Net income in the three months to March 31 rose to $US1.14 billion ($A1.12 billion), or 63 cents a share, from $942 million, or 49 cents a share, a year ago.

Earnings came to 58 cents a share after excluding one-time items, including a $184 million non-cash gain related to Disney acquiring a controlling stake in Indian media company UTV. That topped the 55 cents expected by analysts polled by FactSet.

Revenue rose six per cent to $9.63 billion from $9.08 billion. That also beat the $9.57 billion expected.

Disney's stock rose 80 cents, or 1.8 per cent, to $45.10 in after-hours trading after the release of fiscal second-quarter results.

Disney's movie studio had a loss of $84 million, which was on the low end of the $80 million to $120 million range that the company forecast based on the box office performance of the movie John Carter. Revenue fell 12 per cent to $1.2 billion.

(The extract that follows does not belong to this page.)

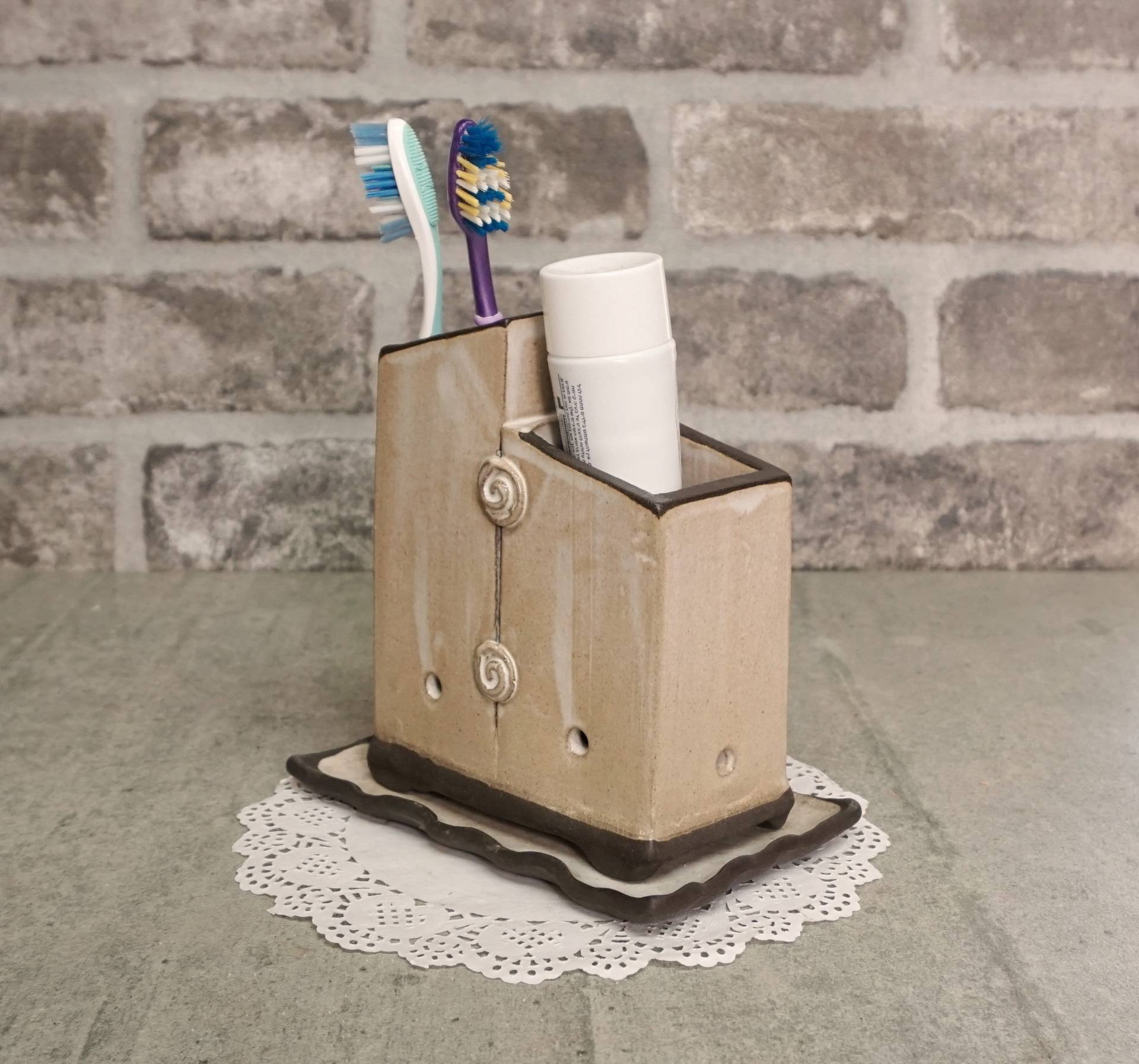 Keramik Zahnbürstenhalter Stift & Make-Up Pinsel Organizer von Etsy - gidizivanpottery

Gains elsewhere undid the damage.

CEO Bob Iger said in a statement the California-based company was "incredibly optimistic about our future."

He said The Avengers, the latest movie from Disney subsidiary Marvel, had surpassed $702 million in ticket sales since its release abroad on April 25. It opened in the US on Friday.

Revenue from pay TV operations including ESPN and Disney Channel rose 12 per cent to $3.2 billion as fees from distributors and advertising sales grew.

Parks and resorts revenue grew 10 per cent to $2.9 billion as attendance and spending grew in the US Gains at overseas parks in Tokyo and Hong Kong were partially offset by a decrease in Paris.

Consumer products revenue rose eight per cent. Its interactive media division saw revenue rise 13 per cent while trimming its losses.